My purpose in this book blog is to apply my own understanding of economics (informed, to date, by a mainstream US college education in the subject as well as intense and ongoing self-study in a variety of alternative theories) to the methods and arguments provided by HJC in this introductory economic work of his and in so doing arrive at conclusions about the soundness of his thought. In particular, because HJC represents a strain of “new thinking within the mainstream” and my personal convictions lie with what is known as the “Austrian school”, I want to empathetically highlight the areas where the two schools are in agreement, as well as try to explain wherein the differences lie.

Let’s get started!

“Why Are People Not Very Interested In Economics?”

HJC wonders why economics is an unpopular subject:

95 per cent of economics is common sense – made to look difficult, with the use of jargons and mathematics.

This is actually a point the Austrians make– that good economics involves simple logical deductions within the grasp of any reasonably intelligent person and that the introduction of jargon and higher math is used to keep laypeople out and make the discipline unintelligible to the uninitiated. HJC says that economics doesn’t appear to be relevant to most people’s lives and that the issues that they believe economics deal with, such as international currency movements, government budgets and foreign aid debates, are not things people believe they can comment on or think about competently without economic training.

On the other hand, HJC laments the “megalomania” of many economists who would just as soon argue that economics is the most relevant intellectual discipline in that it seems to explain everything, and more. HJC critically cites the success of titles like “Freakonomics” and the humblebrag quality of many economic book titles that purport to show how economics is behind anything that can be imagined.

HJC sees a more limited role for economics in human thought, though still an important and useful one, which raises two specific issues: is economics a science and, to the extent it is, what is economics actually about?

Is economics a science?

HJC is pretty clear on the matter:

economics can never be a science in the sense that physics or chemistry is [because] human beings have their own free will, unlike chemical molecules or physical objects.

He also adds that,

people have been led to believe that, like physics or chemistry, economics is a ‘science’, in which there is only one correct answer to everything

Instead, HJC argues that

What is needed is to learn economics in such a way that one becomes aware of different types of economic arguments and develops the critical faculty to judge which argument makes most sense in a given economic circumstance and in light of which moral values and political goals (note that I am not saying ‘which argument is correct’).

Let’s consider these claims one by one.

The first claim, that economics can never be an (empirical) science like physics or chemistry is something that Austrians would again agree with. The Austrian view of the epistemology of economic science strictly prohibits the use of inductive logic derived from empirical observation and research. The reason for this is that in “hard” sciences like physics, the effect is known but the cause is unknown. Physics, as an example, is a study of effects in search of causes. Various factors deemed to be the significant causal agent dictating a particular result can be tried in a series of controlled experiments and then conclusions can be arrived at by the experimenter based on the manipulation of the variable factor and the observed changes in the experimental data.
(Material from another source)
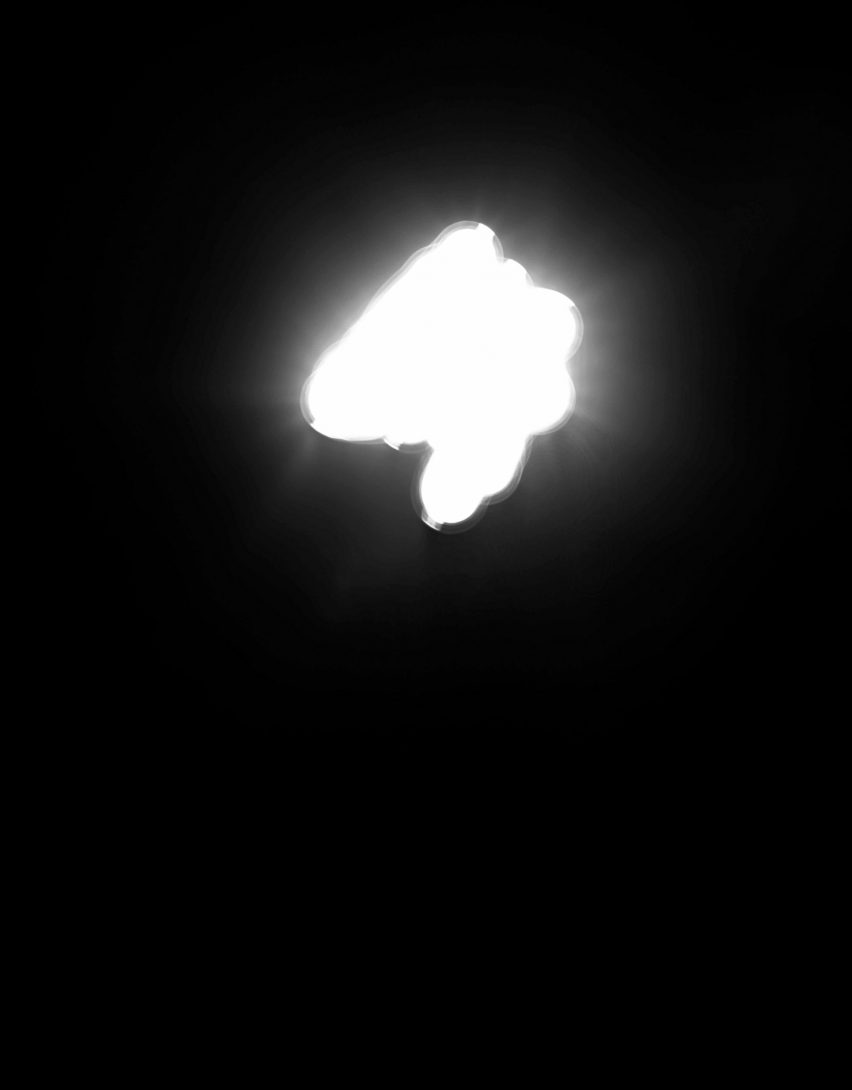 Photo of a bright white light on a black background in an abstract shape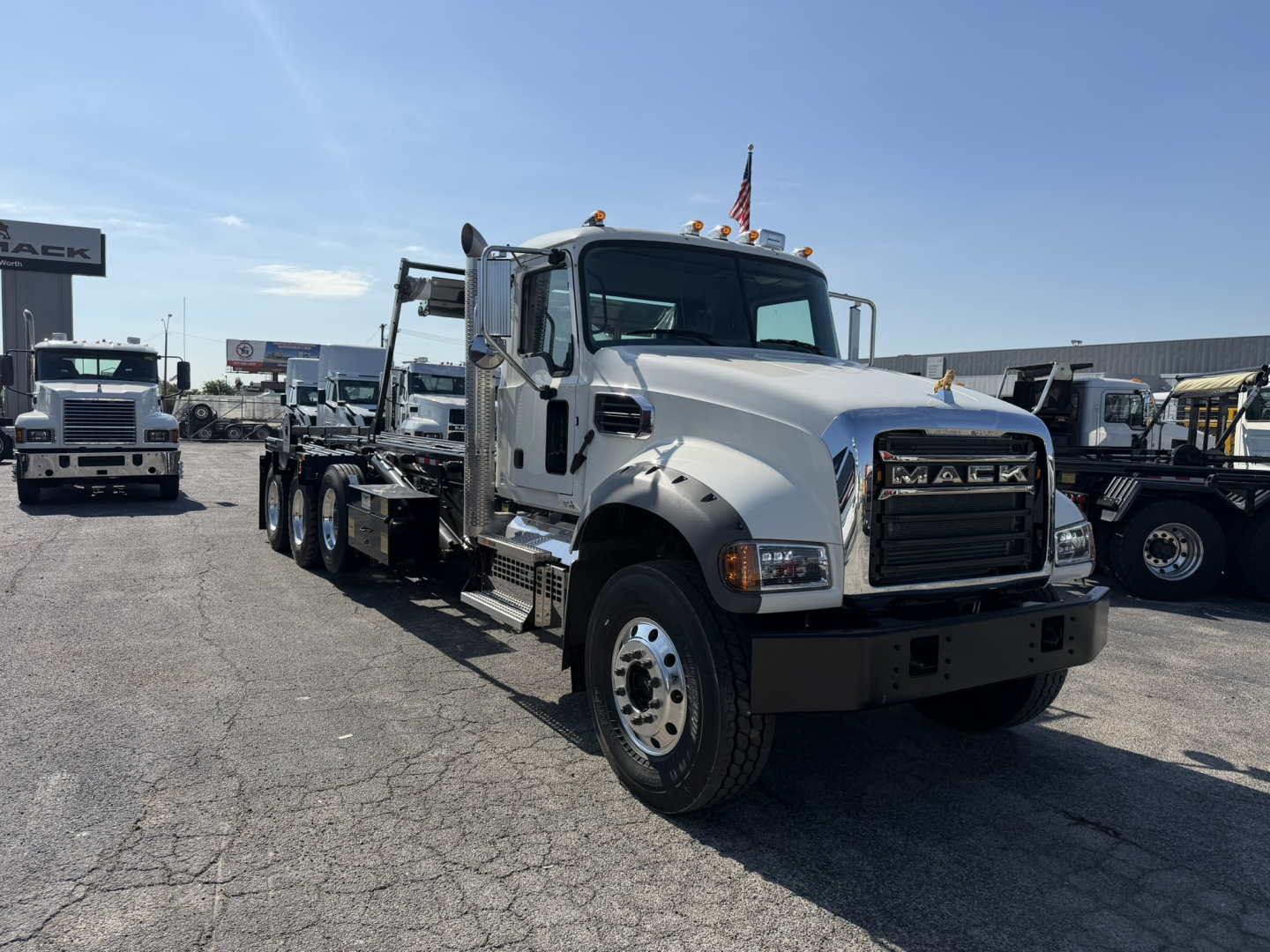 Truck image showing a white 2026 Mack GR64F rolloff truck in a dealership lot with multiple trucks in background.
Economics, by contrast, is a science whose causes are known (human action) but whose effects are often mysterious, because multiple causal factors can occur simultaneously in the lead up to an observed result. For example, the price of two pounds of chuck roast at the supermarket involves a negotiation between a group of suppliers of chuck roast and a group of buyers of chuck roast and these suppliers and buyers are unique and uniquely motivated at a given time and location. The method of the economic sciences, then, must be the “gedanken experiment” (thought experiment) in which a conceptual reality is held in mind and the logical implications of changes in one factor at a time are deductively explored. This is impossible when studying human action, that is, economic activity, because it is never that one thing only changes and it is never guaranteed that the same reaction will occur by the people observed because of the nature of free will.

It is in fact curious that HJC makes this specific point because later on he seems to contradict himself when he says,

we need to look at history because we have the moral duty to avoid ‘live experiments’ with people as much as possible.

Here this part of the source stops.